JEE Mains · Chemistry · STD 11 - 6.1. Equilibrium - 1 (chemical Equilibrium)
For the following reaction at \(50°\)C and at \(2\) atm pressure,
\(2N_2O_5(g) \rightleftharpoons 2N_2O_4(g)+O_2(g)\)
\(N_2O_5\) is \(50\%\) dissociated.
The magnitude of standard free energy change at this temperature is \(x\).
\(x=\) ______ J mol\(^{-1}\) [Nearest integer].

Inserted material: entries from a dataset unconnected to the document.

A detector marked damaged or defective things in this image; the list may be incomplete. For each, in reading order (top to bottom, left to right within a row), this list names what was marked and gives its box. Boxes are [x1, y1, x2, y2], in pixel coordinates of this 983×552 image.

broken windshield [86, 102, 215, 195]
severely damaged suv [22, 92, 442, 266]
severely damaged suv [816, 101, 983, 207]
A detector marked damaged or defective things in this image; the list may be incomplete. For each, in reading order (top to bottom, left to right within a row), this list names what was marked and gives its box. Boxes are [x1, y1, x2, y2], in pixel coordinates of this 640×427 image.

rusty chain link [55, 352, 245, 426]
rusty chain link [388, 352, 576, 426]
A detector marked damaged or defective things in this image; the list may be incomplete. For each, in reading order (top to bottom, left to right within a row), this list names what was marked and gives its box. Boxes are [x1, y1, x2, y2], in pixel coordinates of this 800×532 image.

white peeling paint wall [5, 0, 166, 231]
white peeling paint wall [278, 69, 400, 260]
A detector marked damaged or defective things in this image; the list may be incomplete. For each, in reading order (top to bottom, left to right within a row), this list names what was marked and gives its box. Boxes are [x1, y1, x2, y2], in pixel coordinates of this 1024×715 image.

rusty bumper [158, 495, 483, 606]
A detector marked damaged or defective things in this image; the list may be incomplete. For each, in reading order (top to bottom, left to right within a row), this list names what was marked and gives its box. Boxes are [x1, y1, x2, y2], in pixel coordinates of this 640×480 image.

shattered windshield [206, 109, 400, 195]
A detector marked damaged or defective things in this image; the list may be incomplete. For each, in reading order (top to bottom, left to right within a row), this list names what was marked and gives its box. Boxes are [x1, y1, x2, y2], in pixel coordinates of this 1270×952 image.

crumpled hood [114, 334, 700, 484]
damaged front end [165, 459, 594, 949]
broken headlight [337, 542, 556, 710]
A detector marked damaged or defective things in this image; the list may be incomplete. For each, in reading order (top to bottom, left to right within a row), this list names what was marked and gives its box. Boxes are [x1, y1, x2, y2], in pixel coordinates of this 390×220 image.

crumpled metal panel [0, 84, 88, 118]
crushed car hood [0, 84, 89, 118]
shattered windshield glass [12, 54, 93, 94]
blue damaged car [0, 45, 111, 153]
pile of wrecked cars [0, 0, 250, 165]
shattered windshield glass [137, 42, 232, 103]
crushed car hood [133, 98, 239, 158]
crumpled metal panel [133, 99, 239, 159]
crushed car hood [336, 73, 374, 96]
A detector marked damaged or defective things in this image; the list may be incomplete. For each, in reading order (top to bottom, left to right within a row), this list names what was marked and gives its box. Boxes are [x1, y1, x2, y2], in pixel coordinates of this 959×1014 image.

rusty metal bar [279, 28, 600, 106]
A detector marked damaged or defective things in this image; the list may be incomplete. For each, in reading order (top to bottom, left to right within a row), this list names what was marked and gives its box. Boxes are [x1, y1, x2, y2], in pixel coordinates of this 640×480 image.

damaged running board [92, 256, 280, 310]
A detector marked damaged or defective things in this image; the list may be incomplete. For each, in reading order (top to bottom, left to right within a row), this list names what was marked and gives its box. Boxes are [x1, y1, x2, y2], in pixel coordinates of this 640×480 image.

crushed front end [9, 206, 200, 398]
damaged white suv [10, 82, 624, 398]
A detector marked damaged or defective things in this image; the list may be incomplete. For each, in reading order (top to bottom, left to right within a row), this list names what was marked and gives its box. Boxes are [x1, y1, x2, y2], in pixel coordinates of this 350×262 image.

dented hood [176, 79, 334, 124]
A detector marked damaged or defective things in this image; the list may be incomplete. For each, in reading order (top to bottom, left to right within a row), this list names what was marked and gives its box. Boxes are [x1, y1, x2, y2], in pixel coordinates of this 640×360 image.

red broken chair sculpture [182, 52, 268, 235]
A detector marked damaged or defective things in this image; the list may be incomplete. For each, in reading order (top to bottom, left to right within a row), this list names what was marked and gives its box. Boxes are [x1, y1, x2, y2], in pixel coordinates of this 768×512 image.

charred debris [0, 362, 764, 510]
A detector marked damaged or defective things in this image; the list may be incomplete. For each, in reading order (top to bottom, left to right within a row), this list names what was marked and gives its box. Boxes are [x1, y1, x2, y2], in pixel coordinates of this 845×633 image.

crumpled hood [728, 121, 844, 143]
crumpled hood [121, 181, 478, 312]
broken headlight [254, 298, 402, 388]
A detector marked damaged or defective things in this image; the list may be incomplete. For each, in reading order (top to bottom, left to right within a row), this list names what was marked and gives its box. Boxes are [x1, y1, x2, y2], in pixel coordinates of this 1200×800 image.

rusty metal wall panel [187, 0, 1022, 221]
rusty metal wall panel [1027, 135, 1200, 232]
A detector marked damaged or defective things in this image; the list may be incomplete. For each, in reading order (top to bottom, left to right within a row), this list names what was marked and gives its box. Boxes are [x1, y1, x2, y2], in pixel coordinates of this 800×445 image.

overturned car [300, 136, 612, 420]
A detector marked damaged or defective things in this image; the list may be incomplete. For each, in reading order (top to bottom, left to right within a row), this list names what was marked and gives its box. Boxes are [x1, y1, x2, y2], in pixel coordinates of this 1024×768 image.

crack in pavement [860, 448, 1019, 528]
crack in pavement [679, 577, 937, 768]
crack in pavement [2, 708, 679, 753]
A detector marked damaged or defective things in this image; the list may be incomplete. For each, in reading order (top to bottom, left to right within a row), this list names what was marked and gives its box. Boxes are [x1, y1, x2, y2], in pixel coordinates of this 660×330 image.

Given: \(R=8.314\) J mol\(^{-1}\) K\(^{-1}\), \(\log 2=0.30\), \(\log 3=0.48\), \(\ln 10=2.303\), \(°C+273=K\)
- A 2472
- B 2473
- C 2474
- D 2475
Answer & Solution
Correct Answer
(C) 2474
Step-by-step Solution
Detailed explanation
Let the initial moles of \(N_2O_5\) be \(2\). The given reaction is: \(2N_2O_5(g) \rightleftharpoons 2N_2O_4(g) + O_2(g)\) Since \(N_2O_5\) is \(50\%\) dissociated (degree of dissociation \(\alpha = 0.5\)), the moles at equilibrium are: Moles of \(N_2O_5 = 2(1 - 0.5) = 1\) Moles…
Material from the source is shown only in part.